Então, quando tanto Schönborn quanto Kasper criticam o tal “caminho sinodal” alemão, é porque a coisa está mesmo saindo completamente do controle. Em junho, Schönborn concedeu uma entrevista criticando os ataques do “caminho sinodal” ao ministério ordenado e à Tradição católica. Kasper já tinha usado termos até mais fortes em novembro de 2021, quando falou em “sínodo farsesco”, e voltou a tratar do assunto no fim do mês passado, poucos dias depois da entrevista de Schönborn, afirmando que não se deve “reinventar a Igreja” e que a insistência da Assembleia Sinodal em desafiar o ensinamento católico equivalia a um “golpe de Estado” dentro da Igreja.

Se os alemães conseguem fazer Christoph Schönborn e Walter Kasper soarem “conservadores”, então é porque todos os limites foram ultrapassados. E meio que foram mesmo

O “caminho sinodal” alemão já foi bastante criticado por bispos e cardeais de fidelidade indiscutível ao ensinamento católico, como Raymond Burke e George Pell. Até aí, é o esperado. Mas, se os alemães conseguem fazer Schönborn e Kasper soarem “conservadores”, então é porque todos os limites foram ultrapassados. E meio que foram mesmo.

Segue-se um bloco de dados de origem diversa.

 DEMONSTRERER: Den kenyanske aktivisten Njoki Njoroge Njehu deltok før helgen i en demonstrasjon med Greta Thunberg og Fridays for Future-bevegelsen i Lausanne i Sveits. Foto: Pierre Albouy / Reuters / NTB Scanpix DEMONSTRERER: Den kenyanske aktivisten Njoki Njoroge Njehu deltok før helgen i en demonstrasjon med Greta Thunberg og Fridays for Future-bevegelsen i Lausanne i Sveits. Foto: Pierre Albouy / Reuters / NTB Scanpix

Afinal, esse “caminho sinodal” consiste em uma Assembleia Sinodal composta por todos os bispos do país, mais um número equivalente de leigos de um aparelhadíssimo Comitê Central de Católicos Alemães, e representantes de ordens religiosas e outros grupos católicos. Seu trabalho, iniciado em 2019 e previsto para terminar em 2023, é passar resoluções que basicamente negam toda a moral sexual da Igreja, além de minar os sacramentos do Matrimônio, da Eucaristia e da Ordem: ordenação de mulheres, cerimônias públicas de bênção para uniões homoafetivas, comunhão para divorciados em nova união, aceitação da contracepção artificial, está tudo lá. Ainda por cima, há uma pressão para que as resoluções dessa assembleia se tornem “impositivas” para todas as dioceses alemãs.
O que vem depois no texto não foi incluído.